» **Work task**
Please set down the line that contains "TIANREN Quill Pen" and every line below it through the last, exactly as written, with no other lines.

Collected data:
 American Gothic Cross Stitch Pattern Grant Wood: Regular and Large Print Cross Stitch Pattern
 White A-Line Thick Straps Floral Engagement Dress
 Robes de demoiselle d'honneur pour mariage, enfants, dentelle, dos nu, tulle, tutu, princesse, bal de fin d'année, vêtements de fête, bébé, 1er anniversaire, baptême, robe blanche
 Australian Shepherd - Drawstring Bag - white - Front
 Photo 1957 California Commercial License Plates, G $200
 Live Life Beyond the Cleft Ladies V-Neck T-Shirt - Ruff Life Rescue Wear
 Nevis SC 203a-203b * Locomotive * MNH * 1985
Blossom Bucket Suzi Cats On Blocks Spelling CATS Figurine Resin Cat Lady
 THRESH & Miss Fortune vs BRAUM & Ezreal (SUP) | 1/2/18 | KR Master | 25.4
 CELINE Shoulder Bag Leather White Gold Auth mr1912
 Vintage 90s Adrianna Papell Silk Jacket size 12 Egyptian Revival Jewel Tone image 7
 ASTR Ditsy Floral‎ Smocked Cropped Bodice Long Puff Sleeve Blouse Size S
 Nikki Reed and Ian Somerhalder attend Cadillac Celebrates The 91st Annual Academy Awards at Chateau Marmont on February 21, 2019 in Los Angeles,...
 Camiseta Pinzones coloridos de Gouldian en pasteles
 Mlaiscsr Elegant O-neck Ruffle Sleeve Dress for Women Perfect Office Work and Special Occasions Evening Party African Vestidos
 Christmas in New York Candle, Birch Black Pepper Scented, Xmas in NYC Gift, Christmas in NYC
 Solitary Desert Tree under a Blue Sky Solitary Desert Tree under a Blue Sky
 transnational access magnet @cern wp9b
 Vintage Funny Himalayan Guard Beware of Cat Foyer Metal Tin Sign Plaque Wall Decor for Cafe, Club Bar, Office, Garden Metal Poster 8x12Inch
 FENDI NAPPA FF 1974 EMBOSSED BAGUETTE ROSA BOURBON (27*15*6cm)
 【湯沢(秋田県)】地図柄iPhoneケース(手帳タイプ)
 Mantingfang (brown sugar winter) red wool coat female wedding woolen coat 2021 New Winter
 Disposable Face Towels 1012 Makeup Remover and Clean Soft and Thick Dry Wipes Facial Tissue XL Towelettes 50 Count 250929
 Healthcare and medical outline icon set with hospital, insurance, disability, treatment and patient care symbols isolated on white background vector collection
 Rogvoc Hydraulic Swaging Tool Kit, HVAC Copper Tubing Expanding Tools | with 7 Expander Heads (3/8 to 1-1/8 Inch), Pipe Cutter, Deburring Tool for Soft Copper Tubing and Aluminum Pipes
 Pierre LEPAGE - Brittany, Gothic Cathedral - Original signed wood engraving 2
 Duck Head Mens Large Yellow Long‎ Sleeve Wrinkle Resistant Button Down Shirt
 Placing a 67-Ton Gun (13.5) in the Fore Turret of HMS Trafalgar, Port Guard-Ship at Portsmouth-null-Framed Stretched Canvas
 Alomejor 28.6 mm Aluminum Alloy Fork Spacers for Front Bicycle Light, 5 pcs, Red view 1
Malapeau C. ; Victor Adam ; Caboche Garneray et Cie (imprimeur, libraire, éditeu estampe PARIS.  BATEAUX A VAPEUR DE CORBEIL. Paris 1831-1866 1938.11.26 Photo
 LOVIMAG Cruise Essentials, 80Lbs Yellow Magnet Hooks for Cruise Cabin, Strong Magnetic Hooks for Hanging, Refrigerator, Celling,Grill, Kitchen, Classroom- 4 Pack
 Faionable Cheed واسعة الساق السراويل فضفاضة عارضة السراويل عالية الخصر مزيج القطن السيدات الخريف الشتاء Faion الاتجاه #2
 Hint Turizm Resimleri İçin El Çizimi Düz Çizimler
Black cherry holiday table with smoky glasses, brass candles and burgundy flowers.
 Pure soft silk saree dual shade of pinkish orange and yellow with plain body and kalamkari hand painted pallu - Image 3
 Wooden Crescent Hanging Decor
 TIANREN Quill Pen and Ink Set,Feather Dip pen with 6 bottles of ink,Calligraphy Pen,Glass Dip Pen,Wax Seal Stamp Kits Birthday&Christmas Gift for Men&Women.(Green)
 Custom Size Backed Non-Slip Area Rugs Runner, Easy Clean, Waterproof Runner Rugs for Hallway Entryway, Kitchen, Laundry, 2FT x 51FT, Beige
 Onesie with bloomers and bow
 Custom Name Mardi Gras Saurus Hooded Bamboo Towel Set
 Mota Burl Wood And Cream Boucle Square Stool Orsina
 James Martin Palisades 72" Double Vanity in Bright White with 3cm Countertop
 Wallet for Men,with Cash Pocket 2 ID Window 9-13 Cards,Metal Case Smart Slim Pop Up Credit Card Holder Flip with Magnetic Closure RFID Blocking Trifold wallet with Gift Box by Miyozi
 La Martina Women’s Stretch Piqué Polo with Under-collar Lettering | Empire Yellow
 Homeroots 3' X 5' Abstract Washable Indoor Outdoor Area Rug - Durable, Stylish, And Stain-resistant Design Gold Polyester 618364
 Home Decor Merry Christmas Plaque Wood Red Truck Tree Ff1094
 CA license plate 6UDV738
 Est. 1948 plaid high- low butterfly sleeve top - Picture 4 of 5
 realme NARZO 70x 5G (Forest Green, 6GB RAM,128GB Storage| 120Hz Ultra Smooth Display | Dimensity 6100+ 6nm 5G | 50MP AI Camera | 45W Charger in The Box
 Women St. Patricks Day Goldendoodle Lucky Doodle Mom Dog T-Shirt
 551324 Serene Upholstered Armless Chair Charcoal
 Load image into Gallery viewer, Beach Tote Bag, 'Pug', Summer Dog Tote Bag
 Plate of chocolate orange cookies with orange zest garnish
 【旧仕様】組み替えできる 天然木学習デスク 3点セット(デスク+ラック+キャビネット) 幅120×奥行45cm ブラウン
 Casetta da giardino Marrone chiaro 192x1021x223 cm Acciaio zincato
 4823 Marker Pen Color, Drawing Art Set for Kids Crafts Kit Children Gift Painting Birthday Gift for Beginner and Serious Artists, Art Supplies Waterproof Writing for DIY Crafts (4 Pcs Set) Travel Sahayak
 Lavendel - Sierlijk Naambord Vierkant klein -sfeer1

» **Your solution**
 TIANREN Quill Pen and Ink Set,Feather Dip pen with 6 bottles of ink,Calligraphy Pen,Glass Dip Pen,Wax Seal Stamp Kits Birthday&Christmas Gift for Men&Women.(Green)
 Custom Size Backed Non-Slip Area Rugs Runner, Easy Clean, Waterproof Runner Rugs for Hallway Entryway, Kitchen, Laundry, 2FT x 51FT, Beige
 Onesie with bloomers and bow
 Custom Name Mardi Gras Saurus Hooded Bamboo Towel Set
 Mota Burl Wood And Cream Boucle Square Stool Orsina
 James Martin Palisades 72" Double Vanity in Bright White with 3cm Countertop
 Wallet for Men,with Cash Pocket 2 ID Window 9-13 Cards,Metal Case Smart Slim Pop Up Credit Card Holder Flip with Magnetic Closure RFID Blocking Trifold wallet with Gift Box by Miyozi
 La Martina Women’s Stretch Piqué Polo with Under-collar Lettering | Empire Yellow
 Homeroots 3' X 5' Abstract Washable Indoor Outdoor Area Rug - Durable, Stylish, And Stain-resistant Design Gold Polyester 618364
 Home Decor Merry Christmas Plaque Wood Red Truck Tree Ff1094
 CA license plate 6UDV738
 Est. 1948 plaid high- low butterfly sleeve top - Picture 4 of 5
 realme NARZO 70x 5G (Forest Green, 6GB RAM,128GB Storage| 120Hz Ultra Smooth Display | Dimensity 6100+ 6nm 5G | 50MP AI Camera | 45W Charger in The Box
 Women St. Patricks Day Goldendoodle Lucky Doodle Mom Dog T-Shirt
 551324 Serene Upholstered Armless Chair Charcoal
 Load image into Gallery viewer, Beach Tote Bag, 'Pug', Summer Dog Tote Bag
 Plate of chocolate orange cookies with orange zest garnish
 【旧仕様】組み替えできる 天然木学習デスク 3点セット(デスク+ラック+キャビネット) 幅120×奥行45cm ブラウン
 Casetta da giardino Marrone chiaro 192x1021x223 cm Acciaio zincato
 4823 Marker Pen Color, Drawing Art Set for Kids Crafts Kit Children Gift Painting Birthday Gift for Beginner and Serious Artists, Art Supplies Waterproof Writing for DIY Crafts (4 Pcs Set) Travel Sahayak
 Lavendel - Sierlijk Naambord Vierkant klein -sfeer1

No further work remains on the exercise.